Print exactly what appears from the line containing "Fortunately, it can." through the final line of the data below, pictures excluded.

** Provided material follows **

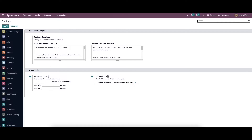In the appraisal section, we have the option to enable appraisal plans, which automatically generate appraisals. We can set the appraisal for an employee based on the number of months from the day of recruitment, setting intervals by enabling the appraisal plans. We also have the option to enable 360 feedback, which asks other employees to fill a survey — a system where the manager and the employee write feedback about performance.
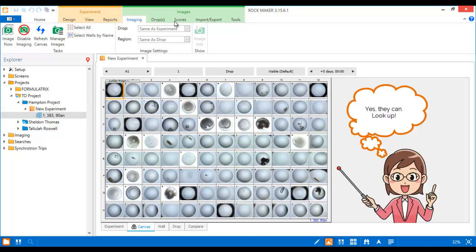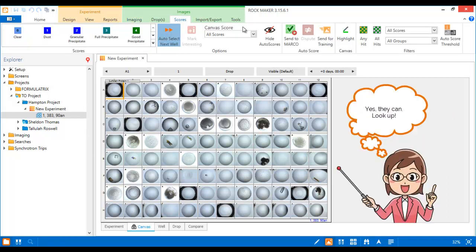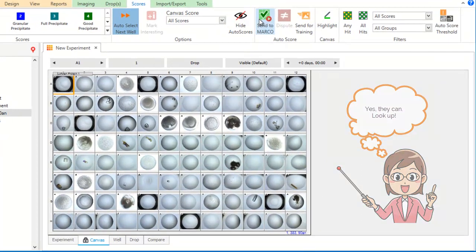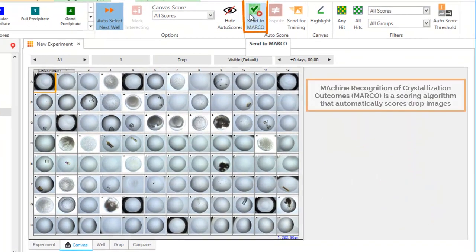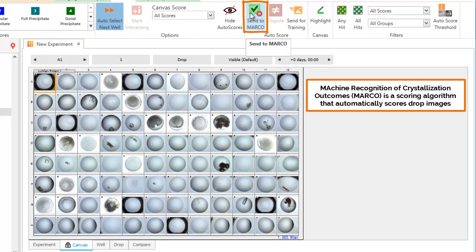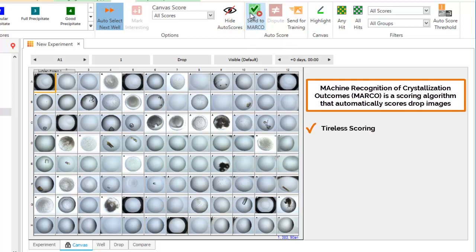Fortunately, it can. MARCO, which stands for Machine Recognition of Crystallization Outcomes, is a powerful auto-scoring algorithm designed to calculate the probability of non-LCP visible light images containing crystals, with up to 94% accuracy.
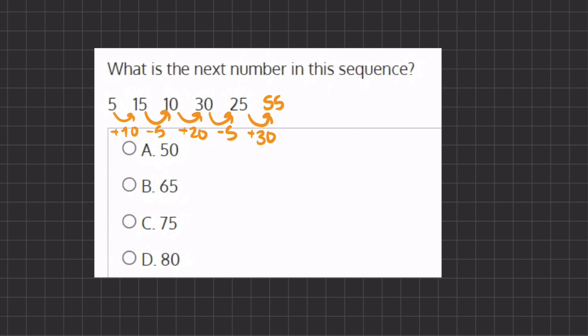And because 55 is not listed in one of our answers we have to find a different pattern for our series. So let's see, instead of adding 10 it seems like we could be multiplying by 3 and subtracting by 5.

** End of Provided material **

● **Task response**:
Fortunately, it can. MARCO, which stands for Machine Recognition of Crystallization Outcomes, is a powerful auto-scoring algorithm designed to calculate the probability of non-LCP visible light images containing crystals, with up to 94% accuracy.
And because 55 is not listed in one of our answers we have to find a different pattern for our series. So let's see, instead of adding 10 it seems like we could be multiplying by 3 and subtracting by 5.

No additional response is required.